I had the loveliest/weirdest New Year’s Eve. It was R’s 21st birthday and I was prepared to be sad about not getting to spend time with him on his birthday. Obviously, now that he is an adult, that’s going to happen less and less often anyway. It is certainly within the realm of possibility that I will never spend his birthday with him again. Although having written that out, it seems very unlikely. I didn’t often spend my birthday with my parents between the ages of 20-30, but after that, I sometimes did, especially the major birthdays. I definitely saw them on my 30th and 40th.

Anyway, it’s a nostalgic day, of course. As always, I remembered details of the day 21 years ago, mostly how madly, head-over-heels, totally joyfully in love I was. I know some moms don’t get that. My midwife told me it was the endorphins from a very long labor. It might also have been some exhaustion delirium—my water broke on Thursday and R was finally born on Sunday morning and there was not a lot of sleep during those three intervening nights—but whatever, I was dazzled and awed and infatuated beyond anything I have ever experienced before or since.

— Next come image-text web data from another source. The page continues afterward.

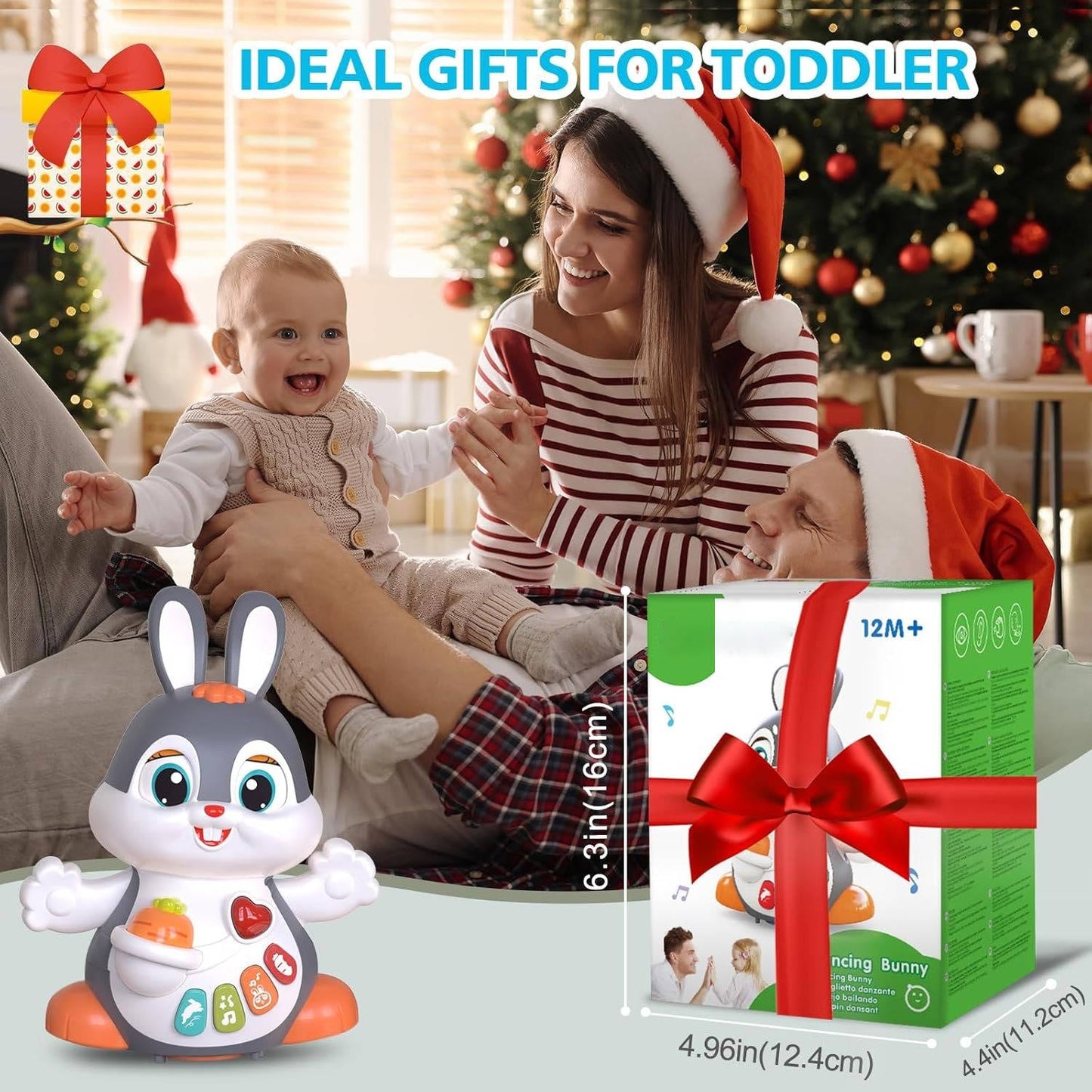 Easter Bunny Musical Toy for 1+ Year Old, Baby Crawling Toy for 6 12 Months, Easter Gifts for Baby Girls and Boys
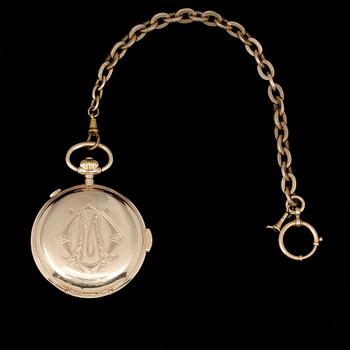 HERRFICKUR med kedja, guld 14k. 1900-talets början. Tot ca 154 g.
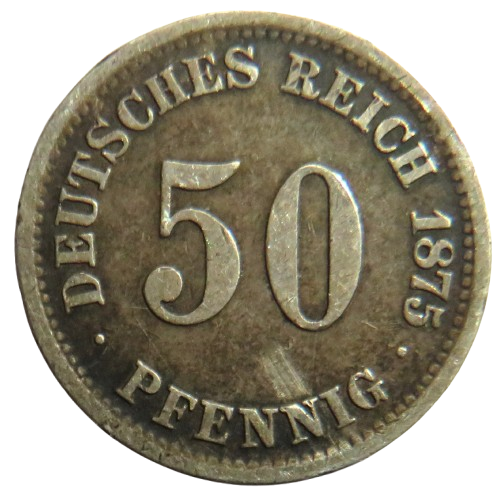 1875-D Germany Silver 50 Pfennig Coin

But I was also trying to remember details of the year before that — 22 years ago, the New Year’s Eve when I had no idea, none, of how dramatically and permanently my life would change in the next 12 months. I couldn’t remember a thing. I assume I spent it with the boyfriend that I was coming to realize I ought to be breaking up with and probably that we both drank too much, but no specifics beyond that.

And then my thoughts turned to last New Year’s Eve. It was just a year ago. I had no idea it would be my last new year in my house. If you’d asked me then, I would have predicted this new year’s to be just as the previous seven or so had been: quiet, at home, probably including a nice meal with R…

Instead, he was in Paris. And I was sitting in a friend’s driveway watching the best fireworks display ever. Best, not because the fireworks were out of reason spectacular — Disney has some great fireworks shows with music and fireworks that create designs in the sky, ie Mickey Mouse ears, so I’ve seen some impressive fireworks — but because it went on and on and on, and I could watch it from the cozy comfort of my own bed with the dogs on top of me.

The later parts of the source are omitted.